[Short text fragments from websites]
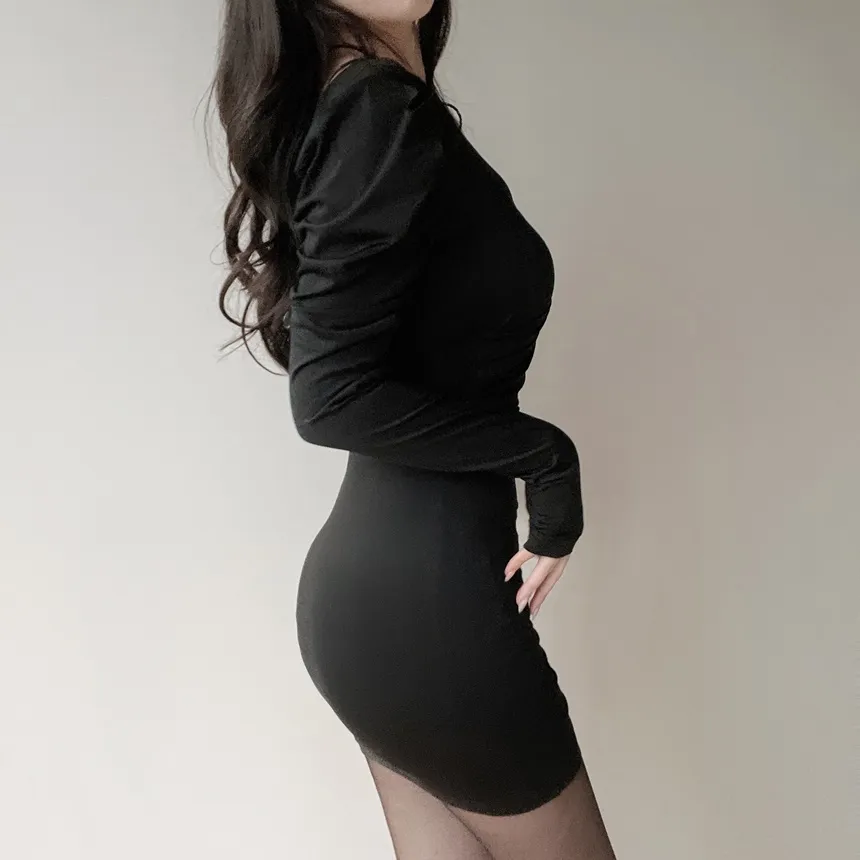 ストレッチシャーリングパフスリーブVネックミニワンピース | mirangmirang | 詳細画像6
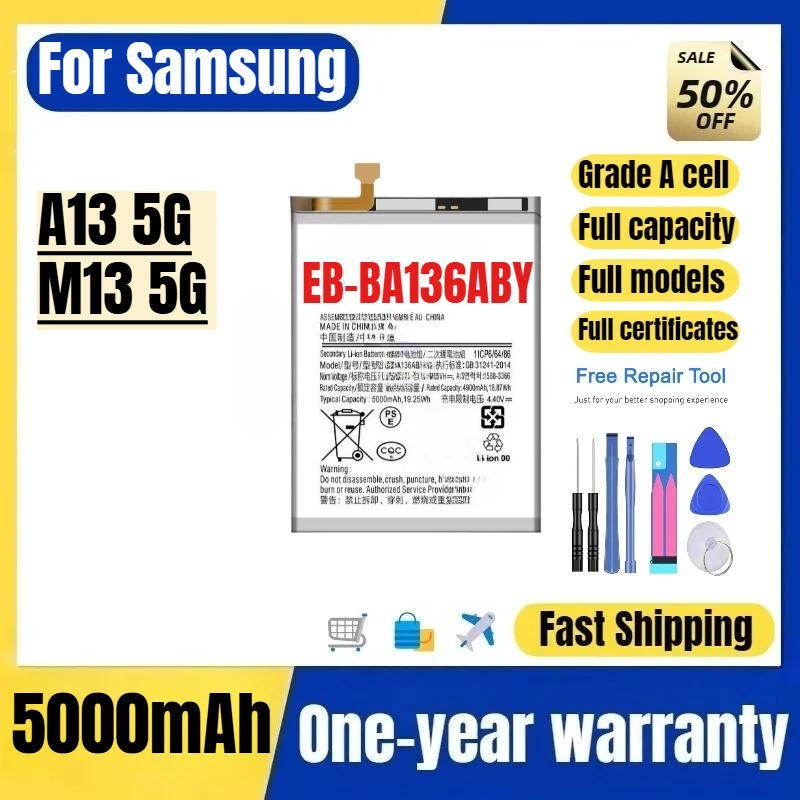 Фото Аккумулятор EB-BA136ABY для Samsung A13 5G/M13 5G, высококачественный, большой емкости, сменный, класс А, с инструментами для установки №1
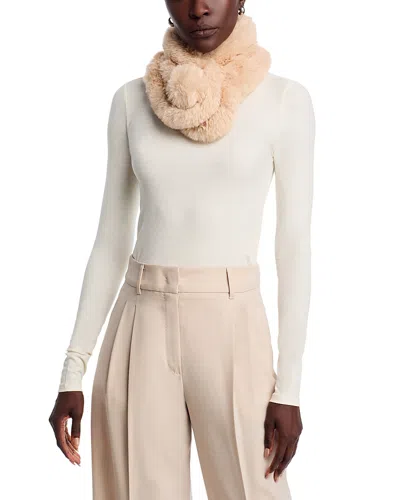 Surell Faux Fur Pompom Scarf In Brown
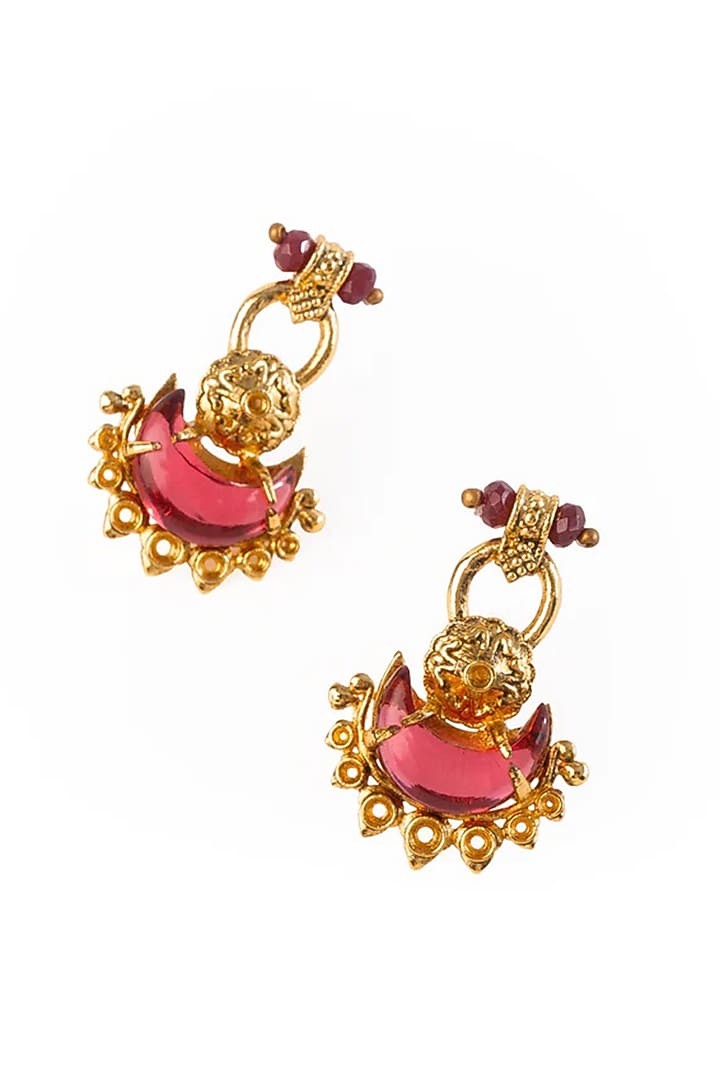 Antique Gold Plated Red Onyx & Glass Stone Stud Earrings by AMAMA at Pernia's Pop Up Shop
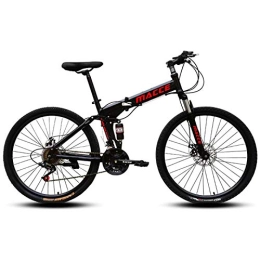 Allround Helmets Folding Mountain Bike 24 / 26 Inch Folding Mountain Bike, 21 / 24 / 27 Speed Double Shock High Carbon Steel Folding Outroad Bicycles Double Disc Brake Lightweight MTB Bicycle for Adults Women Men B, 24 inch 21 speed
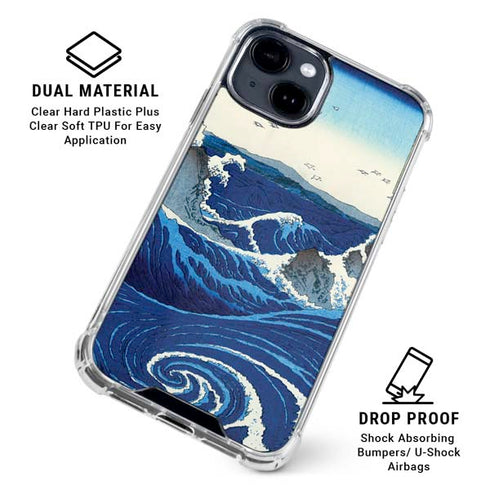 View of the Naruto whirlpools at Awa by Hiroshige iPhone 15 Clear Case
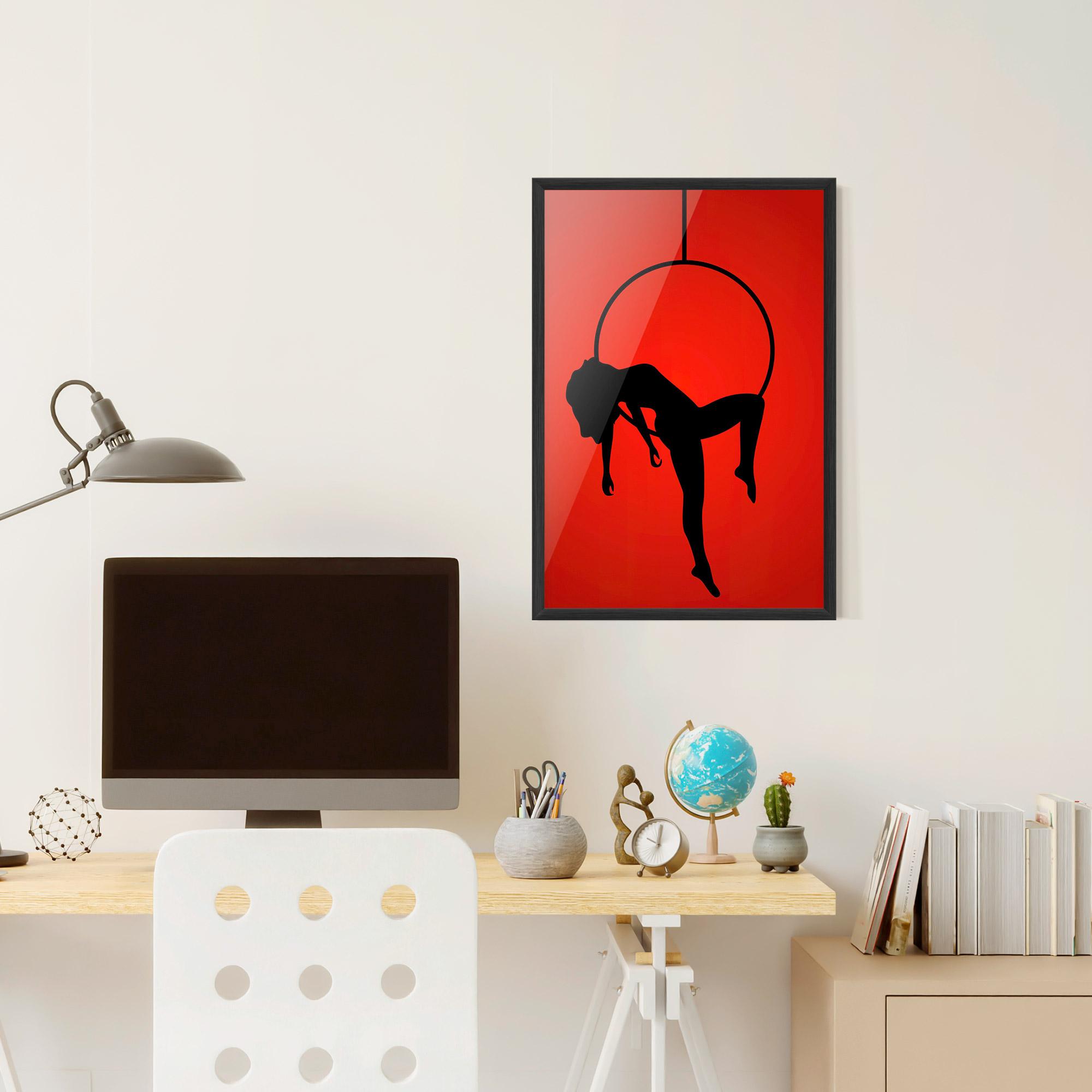 Gerahmte Poster Dancer Shilouette mockup 6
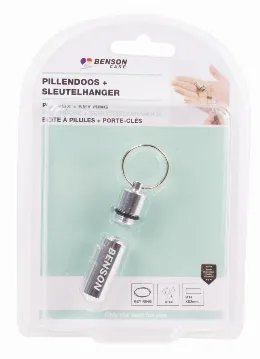 Noodpakket - Pillendoos met sleutelhanger 52 x ø14 mm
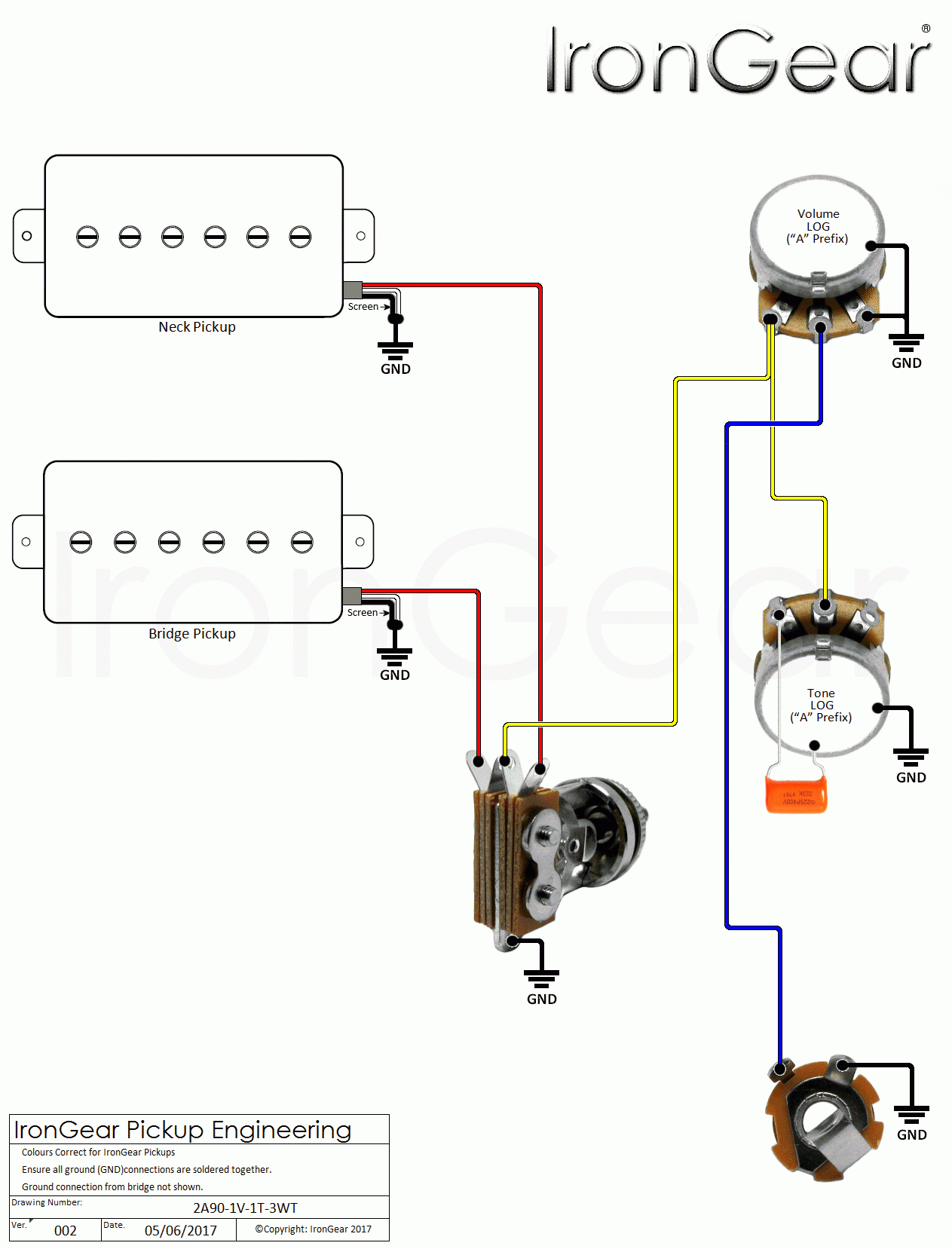 Irongear Pickups - Wiring - Humbucker Wiring Diagram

* _REQUIRED WORK_
Set down the records above word for word, from the first line through the line containing "Allround Helmets Folding", both included; leave out the pictures.

* _RESULT FOR THIS TASK_
 ストレッチシャーリングパフスリーブVネックミニワンピース | mirangmirang | 詳細画像6
 Фото Аккумулятор EB-BA136ABY для Samsung A13 5G/M13 5G, высококачественный, большой емкости, сменный, класс А, с инструментами для установки №1
 Surell Faux Fur Pompom Scarf In Brown
 Antique Gold Plated Red Onyx & Glass Stone Stud Earrings by AMAMA at Pernia's Pop Up Shop
 Allround Helmets Folding Mountain Bike 24 / 26 Inch Folding Mountain Bike, 21 / 24 / 27 Speed Double Shock High Carbon Steel Folding Outroad Bicycles Double Disc Brake Lightweight MTB Bicycle for Adults Women Men B, 24 inch 21 speed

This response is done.